Fig 2. Comparison of retina morphology via SD-OCT (A) and bar graph (B) of 6-week-old WT C57Bl/6J mouse retina and Sftpa1^tm1Kor/J rd1^-/- and the outbreed Sftpa1^tm1Kor/J rd1^+/+.

The significant attenuation of retinal thickness as well as obliteration of nuclear layers in the retinas from Sftpa1^tm1Kor/J rd1^-/- corresponds to a decrease of total retinal thickness by approximately 50%. * p-value is 0.0001 (N = 3).

Fig 3. Confirmation of genotype for the Sftpa1, Sftpd and Mbl1 gene.

(A) Schematic representation of the SP-A encoding gene in wild type (C57BL/6J, upper) and Sftpa1^tm1Kor/J mice (lower). Exons I-VI with encoded Start and Stop codons of the derived mRNA, primer binding sites and expected fragment sizes for genotyping PCR are shown. Agarose gel with correspondent PCR fragments confirms the two genotypes. DNA from Wild type DNA and Sftpa1^tm1Kor/J rd1^+/+ as template were combined with the primer pairs 18889/18890 (lanes 1 and 4), 18889/12834 (lanes 2 and 5) and SPAex6For/SPAex6Rev (lanes 3 and 6), respectively. (B) Wild type gene (upper) and knock out of the Sftpd gene (lower). Wild type DNA and Sftpd^-/- rd1^+/+ DNA as template were combined with the primer pairs SpdFOR/SpdREV (lanes 1 and 4), SpdFOR2/SpdNEOREV2 (lanes 2 and 5) and SPDex8For/SPDex8Rev (lanes 3 and 6), respectively. (C) Confirmation of the integrity of mannose binding lectin gene in wild type, Sftpa1^tm1Kor/J and Sftpd^-/- mice. Primer binding sites for Mbl1 in the gene cluster with the flanking Sftpa1 and Sftpd genes are shown. DNA of wild type, Sftpa1^tm1Kor/J and Sftpd^-/- were combined with the primer pairs Mbl1F1/Mbl1R1 (lanes 1, 3 and 5) and Mbl1F2/Mbl1R2 (lanes 2, 4 and 6), respectively. Primer sequences are found in the S1 Table.

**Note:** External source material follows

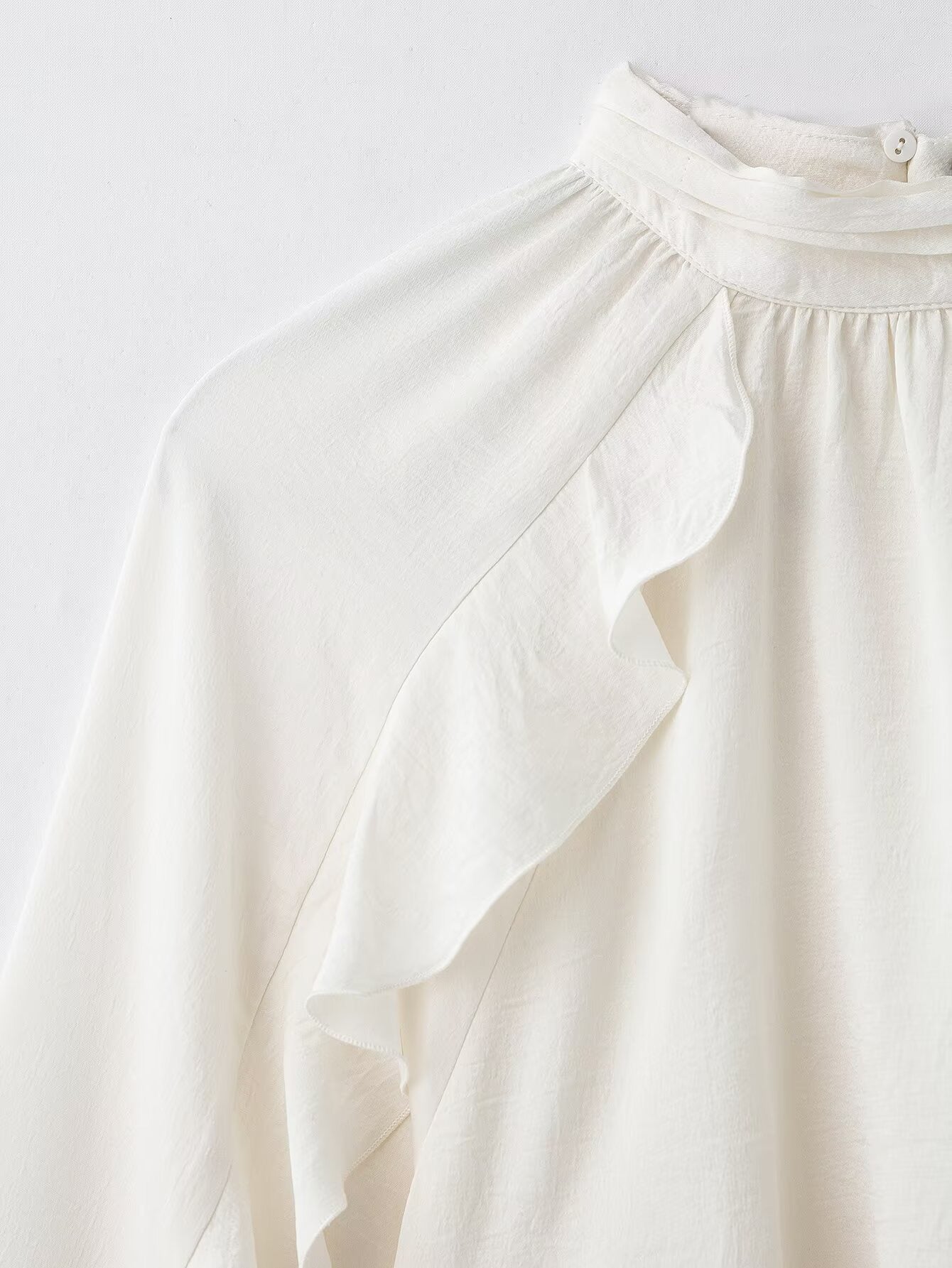 Esma – Rüschenbluse – Bild 2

Fig 4. Representative agarose gels with fragments showing genotyping results during outbreeding of the Pde6b^rd1 mutation in Sftpa1^tm1Kor/J and Sftpd ^-/- mice.

(A) Retinal degeneration Pde6b^rd1 with a DdeI digest after PCR resulting in specific fragment sizes for the mutated gene. Lane 1: Pde6brd1^+/+ (298 bp), lane 2: Pde6b^rd1 (104, and137 bp). (B) Retinal degeneration rd8 genotype: DNA templates with primer pairs Crb1-mF1/Crb-mR for rd8^+/+ (lanes 1 and 2) and Crb1-mF2/Crb-mR for rd8^-/- (lanes 3 and 4). (C) Different RPE65 genotypes: (1) methionine/leucin (2) homozygous methionine (3) homozygous leucine.

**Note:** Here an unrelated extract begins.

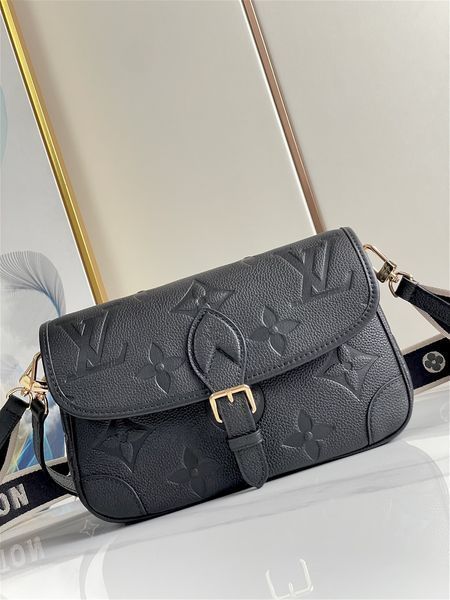 L*ouis V*uitton Crossbody bag Top Quality HT 20231011-47 23×16×8.5CM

Fig 5. H&E evaluation and comparison of histological morphology of WT C57BL/6J and Sftpa1^tm1Kor/J rd1^+/+ mouse retinas at 3 months of age.

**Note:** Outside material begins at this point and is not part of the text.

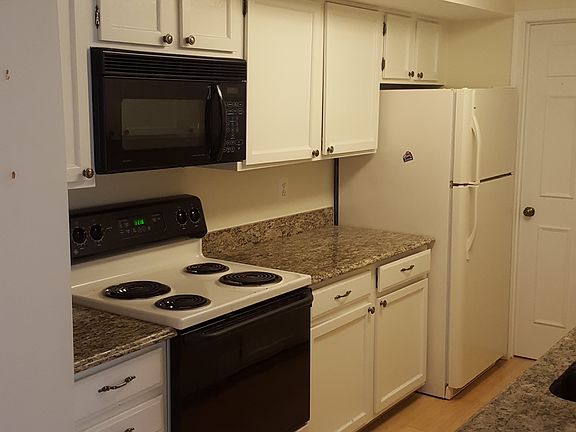 3rd image of 10206 Ashbrooke Ct Suite 15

The outbreeding of Pde6b^rd1 mutation successfully restores the WT histological phenotype to the mouse retina. (GCL ganglion cell layer, IPL inner plexiform layer, INL inner nuclear layer, OPL outer plexiform layer, ONL outer nuclear layer, IS inner segments, OS outer segments, RPE retina pigmented epithelium, Chor choroid). Image captured at 40X.